» **Data provided**
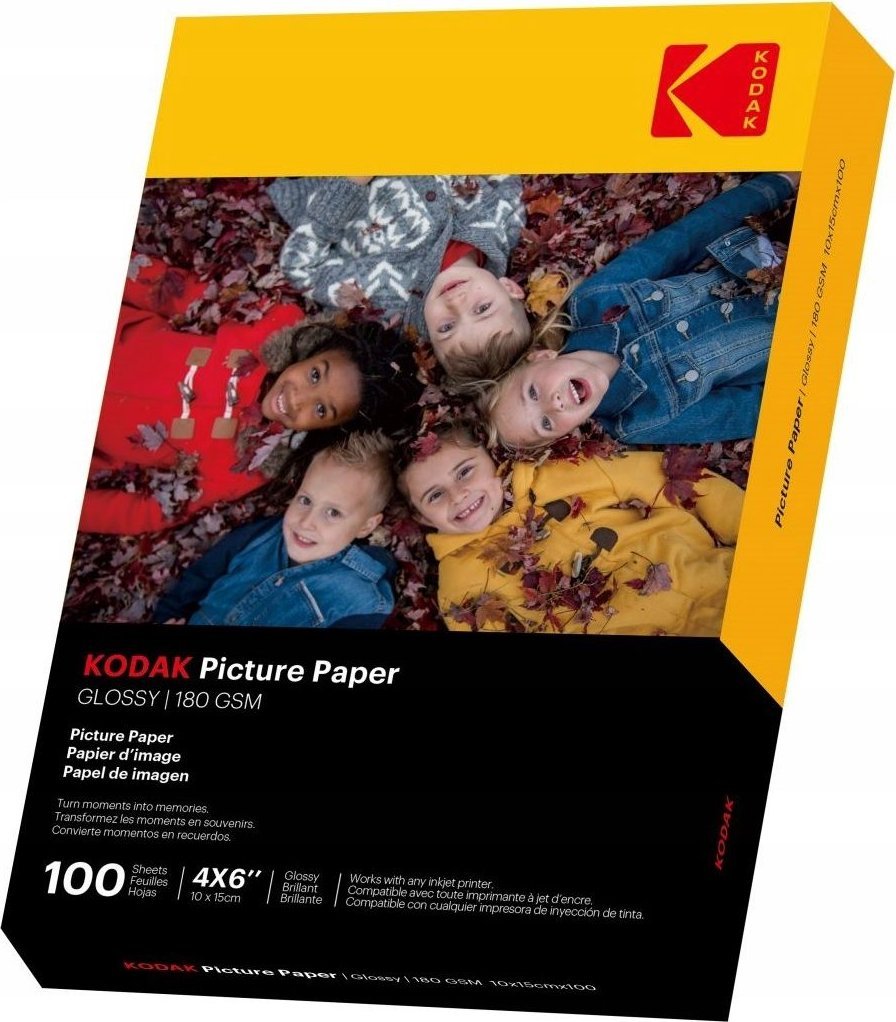 Letër fotografike Kodak, A6 10x15 cm, shiny, 180 g/m², 100 fletë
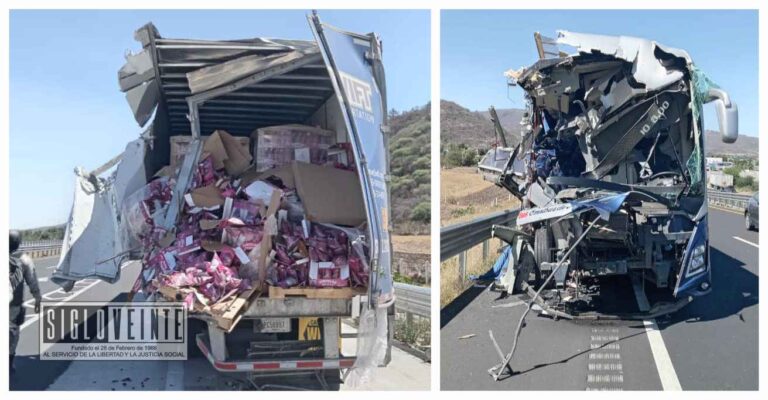 10 personas heridas tras colisión de autobús y tráiler en el municipio de Copándaro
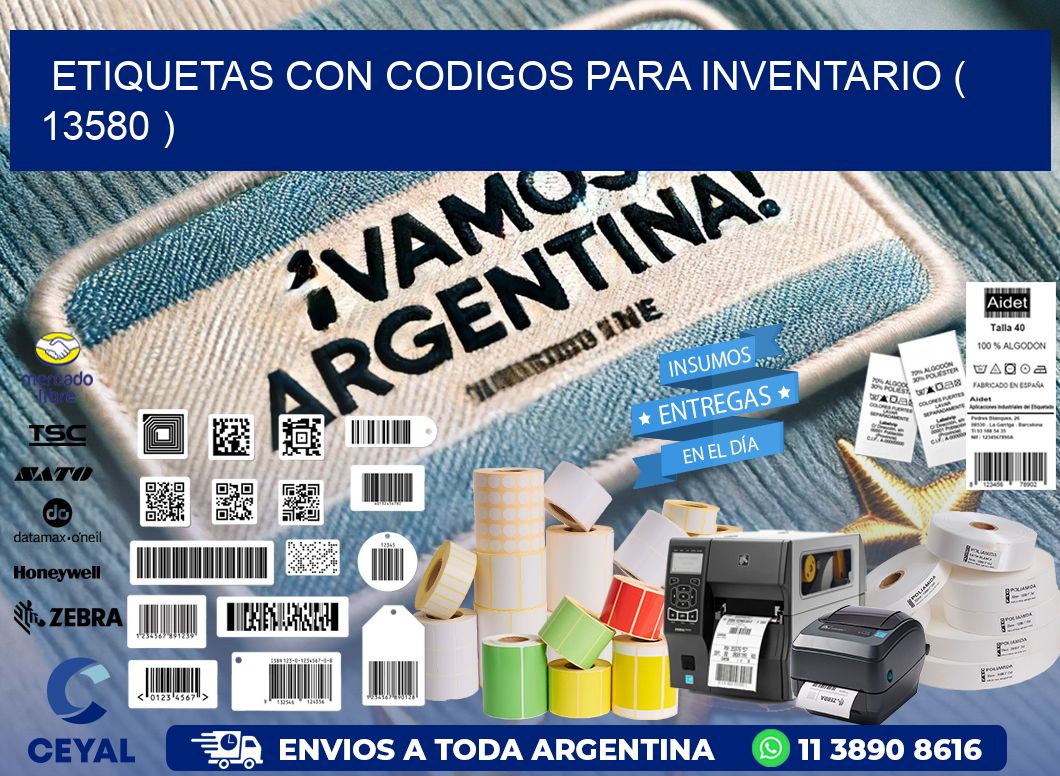 ETIQUETAS CON CODIGOS PARA INVENTARIO ( 13580 )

» **Task description**
Starting with the line that contains "10 personas heridas", copy every line word for word through the end of the listing above, but leave out the pictures.

» **Reply**
 10 personas heridas tras colisión de autobús y tráiler en el municipio de Copándaro
 ETIQUETAS CON CODIGOS PARA INVENTARIO ( 13580 )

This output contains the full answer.